*WORK ITEM*:
Make an exact copy of the lines from the one holding "Dove Grey farm" through the end of the entries below, both ends kept, and of nothing else. Exclude pictures.

*GIVEN INFORMATION*:
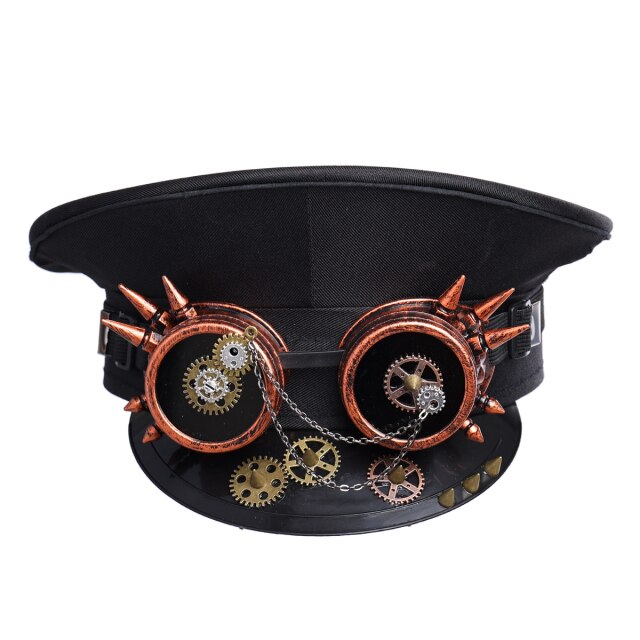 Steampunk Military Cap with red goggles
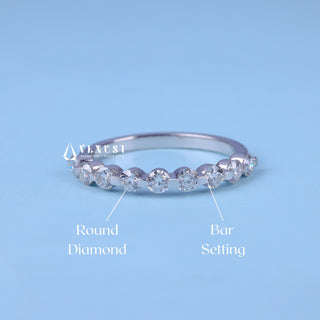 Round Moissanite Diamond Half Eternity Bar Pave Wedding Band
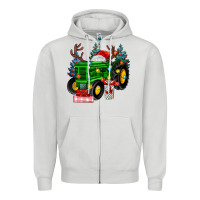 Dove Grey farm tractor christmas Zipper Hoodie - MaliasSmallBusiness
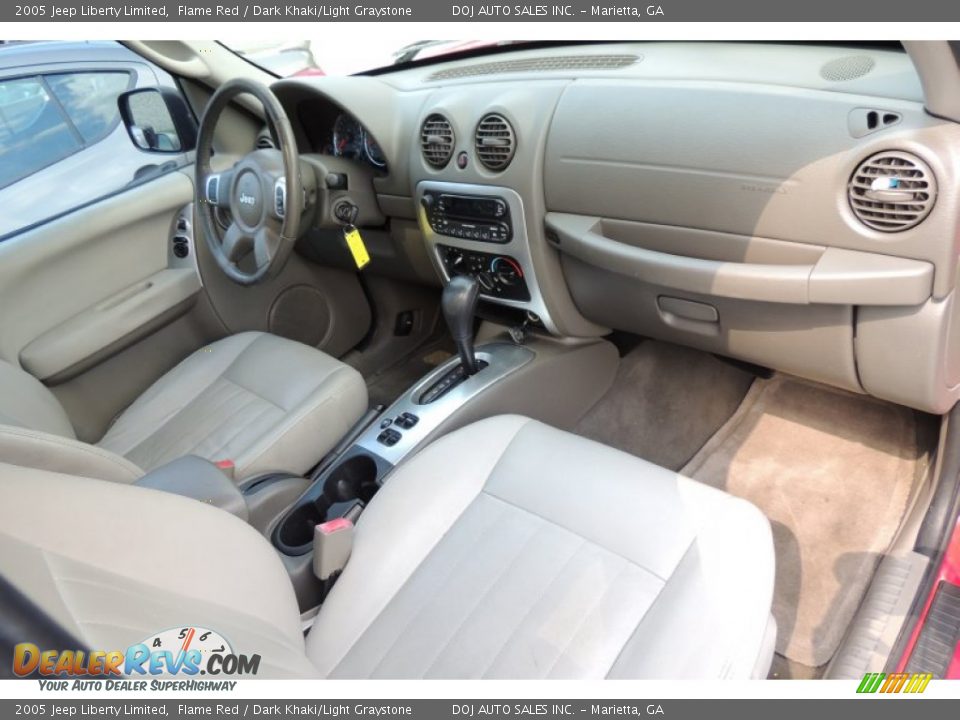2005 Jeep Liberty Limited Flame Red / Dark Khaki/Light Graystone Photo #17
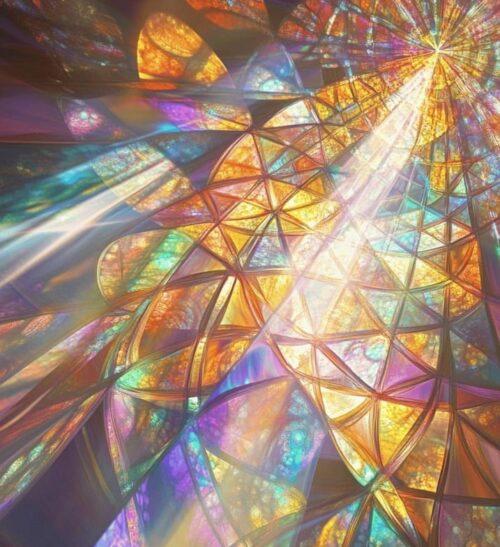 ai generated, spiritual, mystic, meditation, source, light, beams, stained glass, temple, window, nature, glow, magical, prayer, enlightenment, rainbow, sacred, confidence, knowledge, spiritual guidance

*SOLUTION FOR THIS TASK*:
 Dove Grey farm tractor christmas Zipper Hoodie - MaliasSmallBusiness
2005 Jeep Liberty Limited Flame Red / Dark Khaki/Light Graystone Photo #17
 ai generated, spiritual, mystic, meditation, source, light, beams, stained glass, temple, window, nature, glow, magical, prayer, enlightenment, rainbow, sacred, confidence, knowledge, spiritual guidance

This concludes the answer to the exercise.